**WORKING DATA:**
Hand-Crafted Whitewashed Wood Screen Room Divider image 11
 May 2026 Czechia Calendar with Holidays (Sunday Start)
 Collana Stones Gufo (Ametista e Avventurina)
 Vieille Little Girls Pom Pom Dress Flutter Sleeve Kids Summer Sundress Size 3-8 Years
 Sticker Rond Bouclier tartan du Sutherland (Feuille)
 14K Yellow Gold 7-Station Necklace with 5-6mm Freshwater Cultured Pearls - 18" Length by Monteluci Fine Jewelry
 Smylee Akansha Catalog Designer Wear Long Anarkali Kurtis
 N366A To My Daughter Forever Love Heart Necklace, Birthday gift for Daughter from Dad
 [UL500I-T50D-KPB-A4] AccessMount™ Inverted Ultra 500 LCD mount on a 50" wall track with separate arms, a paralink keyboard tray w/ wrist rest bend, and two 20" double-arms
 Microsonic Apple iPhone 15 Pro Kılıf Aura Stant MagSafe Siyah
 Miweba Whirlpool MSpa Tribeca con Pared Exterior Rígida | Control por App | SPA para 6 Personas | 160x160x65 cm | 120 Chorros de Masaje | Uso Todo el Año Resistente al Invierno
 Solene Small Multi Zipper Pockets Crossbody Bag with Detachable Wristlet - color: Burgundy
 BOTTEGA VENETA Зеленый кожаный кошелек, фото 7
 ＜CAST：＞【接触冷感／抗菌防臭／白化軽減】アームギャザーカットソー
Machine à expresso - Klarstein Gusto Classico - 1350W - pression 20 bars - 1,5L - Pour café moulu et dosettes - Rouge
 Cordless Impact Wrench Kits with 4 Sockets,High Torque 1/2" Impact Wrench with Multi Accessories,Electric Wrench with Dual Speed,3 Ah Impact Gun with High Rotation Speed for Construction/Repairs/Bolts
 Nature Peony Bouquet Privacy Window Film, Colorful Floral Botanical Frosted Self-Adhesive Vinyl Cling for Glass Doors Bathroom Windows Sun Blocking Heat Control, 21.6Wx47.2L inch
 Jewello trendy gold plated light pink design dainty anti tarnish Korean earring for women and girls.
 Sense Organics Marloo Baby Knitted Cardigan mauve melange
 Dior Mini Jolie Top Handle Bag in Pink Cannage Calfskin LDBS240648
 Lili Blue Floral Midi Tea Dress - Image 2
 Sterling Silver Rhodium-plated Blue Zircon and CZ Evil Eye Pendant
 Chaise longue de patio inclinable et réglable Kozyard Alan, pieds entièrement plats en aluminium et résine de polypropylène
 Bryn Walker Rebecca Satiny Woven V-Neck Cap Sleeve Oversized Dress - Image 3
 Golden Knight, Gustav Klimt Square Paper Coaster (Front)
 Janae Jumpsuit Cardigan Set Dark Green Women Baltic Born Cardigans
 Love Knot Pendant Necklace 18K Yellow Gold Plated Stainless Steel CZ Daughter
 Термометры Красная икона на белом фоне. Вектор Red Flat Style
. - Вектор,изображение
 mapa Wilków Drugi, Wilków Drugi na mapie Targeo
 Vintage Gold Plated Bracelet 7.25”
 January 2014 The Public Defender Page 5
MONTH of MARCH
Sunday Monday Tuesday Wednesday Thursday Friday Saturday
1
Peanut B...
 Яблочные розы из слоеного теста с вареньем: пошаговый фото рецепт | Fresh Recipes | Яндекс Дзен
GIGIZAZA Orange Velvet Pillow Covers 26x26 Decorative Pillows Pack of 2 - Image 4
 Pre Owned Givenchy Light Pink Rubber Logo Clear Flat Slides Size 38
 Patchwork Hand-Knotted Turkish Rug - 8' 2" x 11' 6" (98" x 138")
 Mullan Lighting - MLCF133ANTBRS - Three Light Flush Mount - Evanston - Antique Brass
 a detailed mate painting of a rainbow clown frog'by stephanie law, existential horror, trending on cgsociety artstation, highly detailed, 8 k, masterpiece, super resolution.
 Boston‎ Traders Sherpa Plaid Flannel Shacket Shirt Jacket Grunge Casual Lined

**PROBLEM:** Transcribe exactly, and only, the lines from the one with "Love Knot Pendant" through the last line of the data.

**SOLUTION:**
 Love Knot Pendant Necklace 18K Yellow Gold Plated Stainless Steel CZ Daughter
 Термометры Красная икона на белом фоне. Вектор Red Flat Style
. - Вектор,изображение
 mapa Wilków Drugi, Wilków Drugi na mapie Targeo
 Vintage Gold Plated Bracelet 7.25”
 January 2014 The Public Defender Page 5
MONTH of MARCH
Sunday Monday Tuesday Wednesday Thursday Friday Saturday
1
Peanut B...
 Яблочные розы из слоеного теста с вареньем: пошаговый фото рецепт | Fresh Recipes | Яндекс Дзен
GIGIZAZA Orange Velvet Pillow Covers 26x26 Decorative Pillows Pack of 2 - Image 4
 Pre Owned Givenchy Light Pink Rubber Logo Clear Flat Slides Size 38
 Patchwork Hand-Knotted Turkish Rug - 8' 2" x 11' 6" (98" x 138")
 Mullan Lighting - MLCF133ANTBRS - Three Light Flush Mount - Evanston - Antique Brass
 a detailed mate painting of a rainbow clown frog'by stephanie law, existential horror, trending on cgsociety artstation, highly detailed, 8 k, masterpiece, super resolution.
 Boston‎ Traders Sherpa Plaid Flannel Shacket Shirt Jacket Grunge Casual Lined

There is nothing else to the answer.